Assignment = Scan the records below for the line with "to Large Yards" and the line with "Malabar Gems 5", and retype that range exactly, both ends included, pictures excepted.

Supplied records =
========================================================================
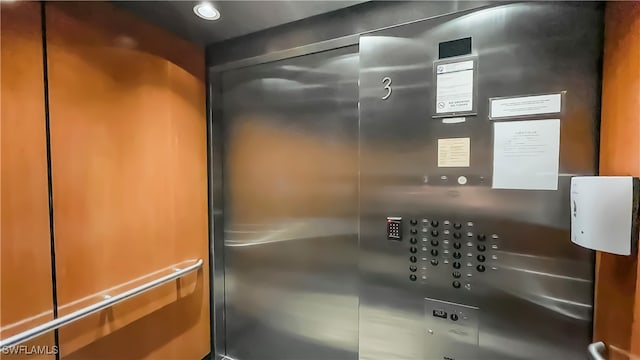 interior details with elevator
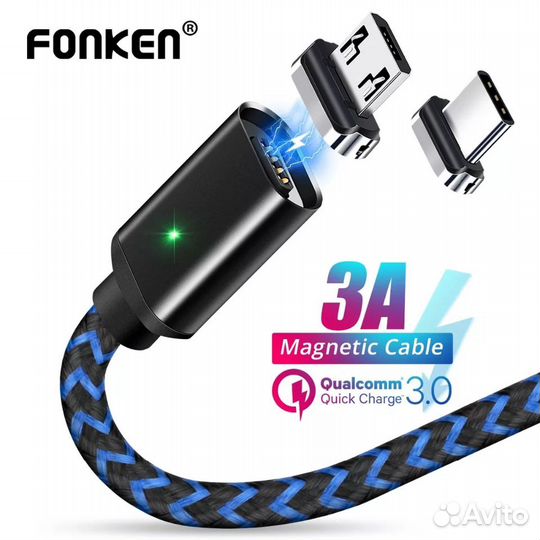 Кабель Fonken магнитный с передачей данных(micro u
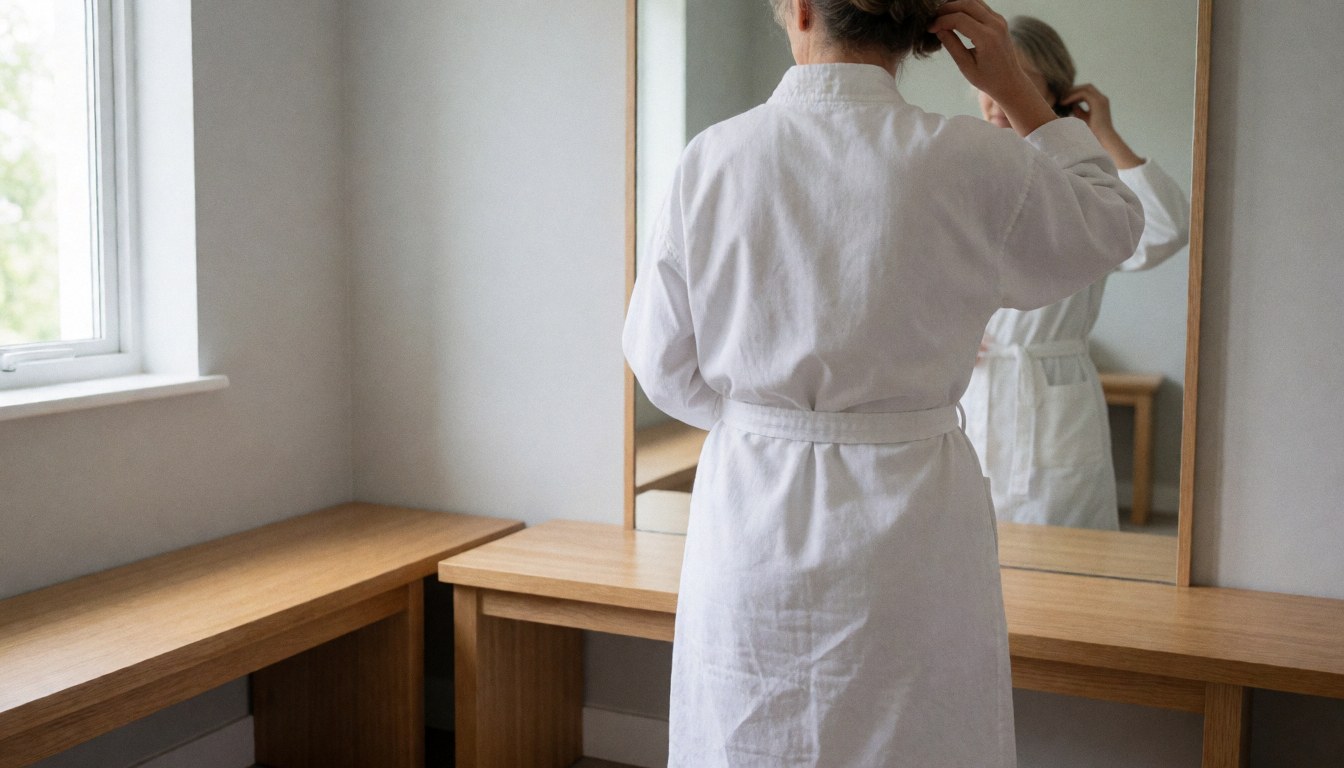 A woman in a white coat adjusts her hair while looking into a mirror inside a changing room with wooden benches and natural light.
========================================================================
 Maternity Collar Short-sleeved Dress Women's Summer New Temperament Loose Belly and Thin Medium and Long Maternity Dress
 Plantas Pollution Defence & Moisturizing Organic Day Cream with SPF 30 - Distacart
========================================================================
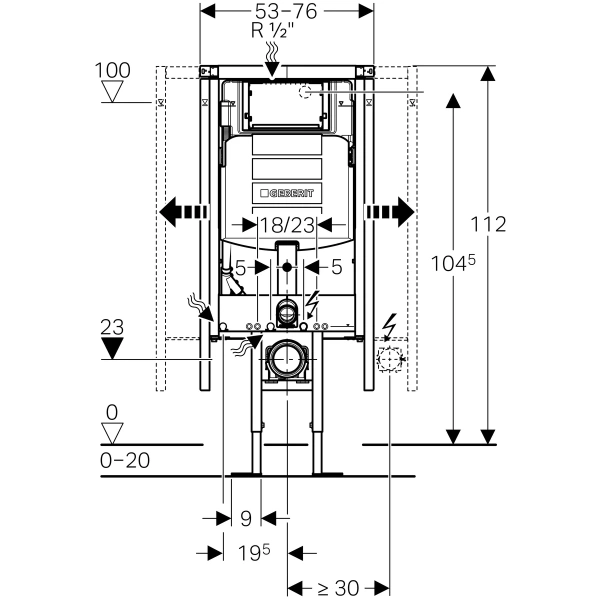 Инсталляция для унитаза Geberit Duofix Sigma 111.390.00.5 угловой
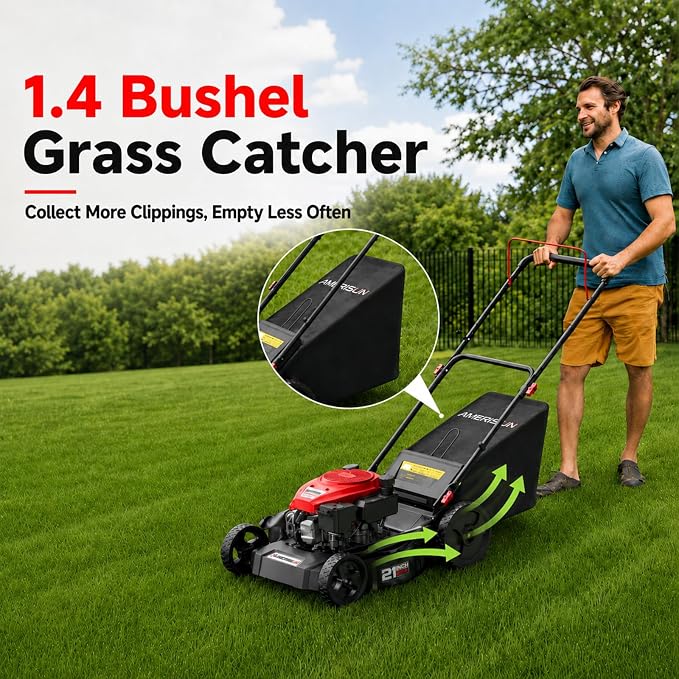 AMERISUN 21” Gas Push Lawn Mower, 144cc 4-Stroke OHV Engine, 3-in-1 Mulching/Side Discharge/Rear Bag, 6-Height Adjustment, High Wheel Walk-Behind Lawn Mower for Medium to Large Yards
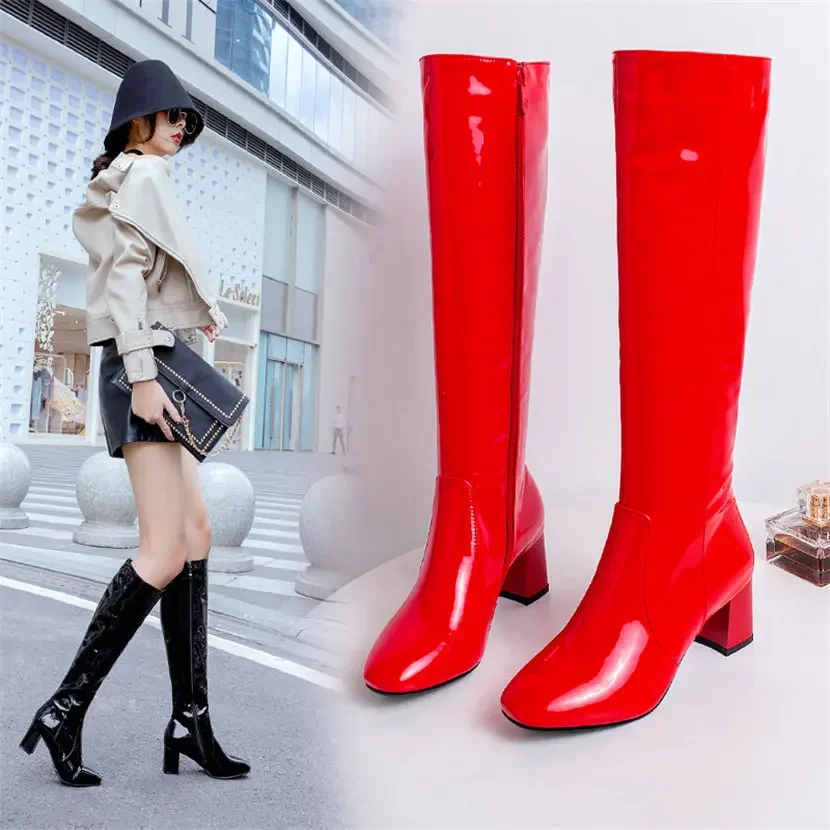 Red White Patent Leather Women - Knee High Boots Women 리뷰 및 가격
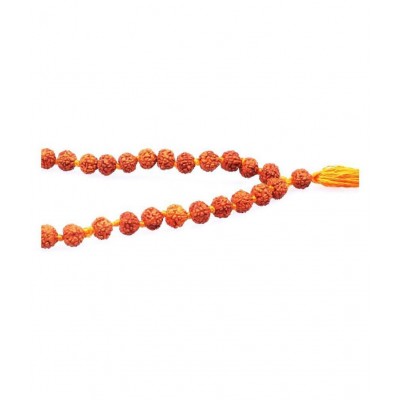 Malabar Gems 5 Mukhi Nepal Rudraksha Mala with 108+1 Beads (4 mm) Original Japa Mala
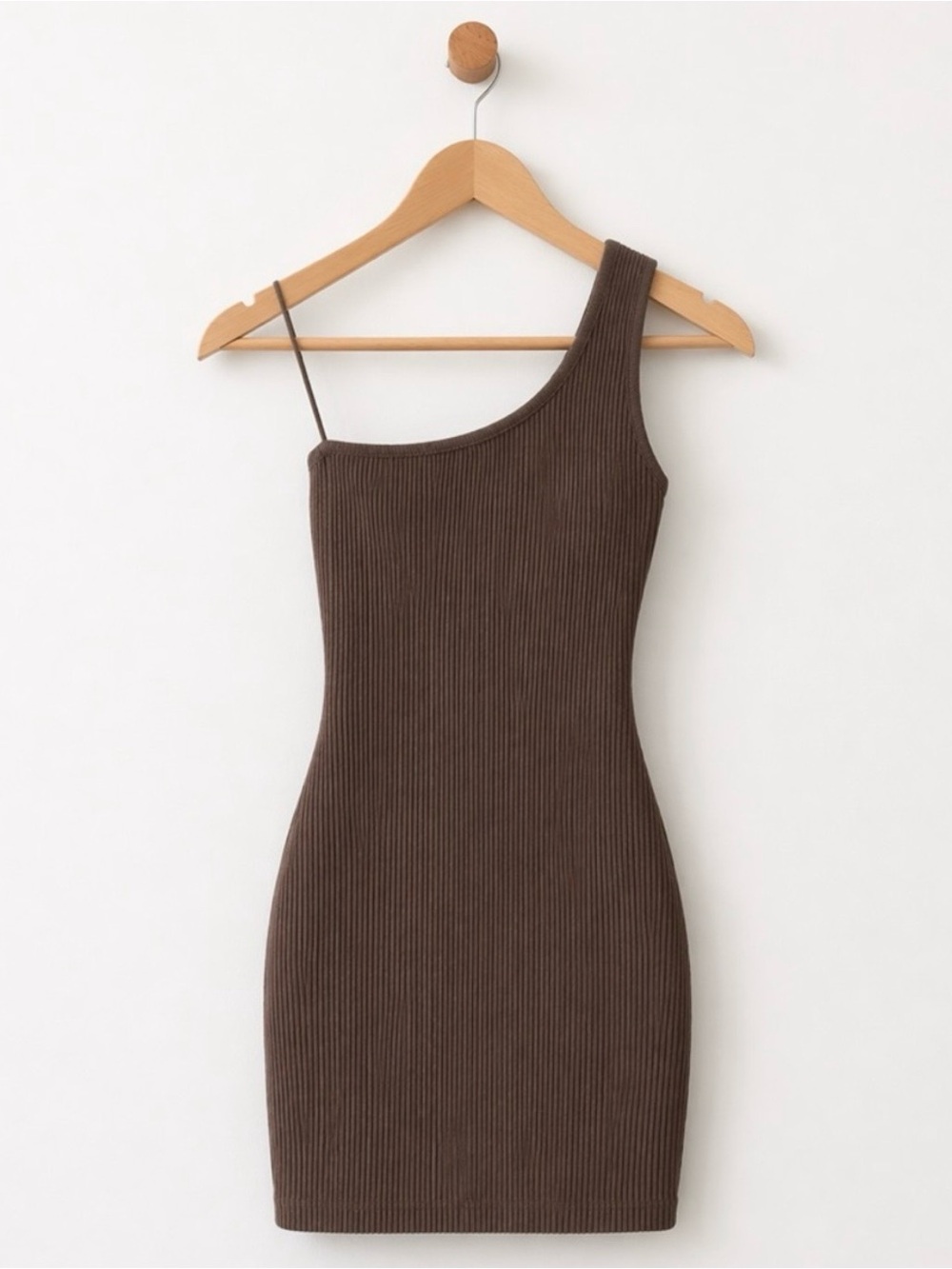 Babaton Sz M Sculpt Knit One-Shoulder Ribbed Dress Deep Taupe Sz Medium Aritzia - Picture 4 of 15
========================================================================
Task answer =
 AMERISUN 21” Gas Push Lawn Mower, 144cc 4-Stroke OHV Engine, 3-in-1 Mulching/Side Discharge/Rear Bag, 6-Height Adjustment, High Wheel Walk-Behind Lawn Mower for Medium to Large Yards
 Red White Patent Leather Women - Knee High Boots Women 리뷰 및 가격
 Malabar Gems 5 Mukhi Nepal Rudraksha Mala with 108+1 Beads (4 mm) Original Japa Mala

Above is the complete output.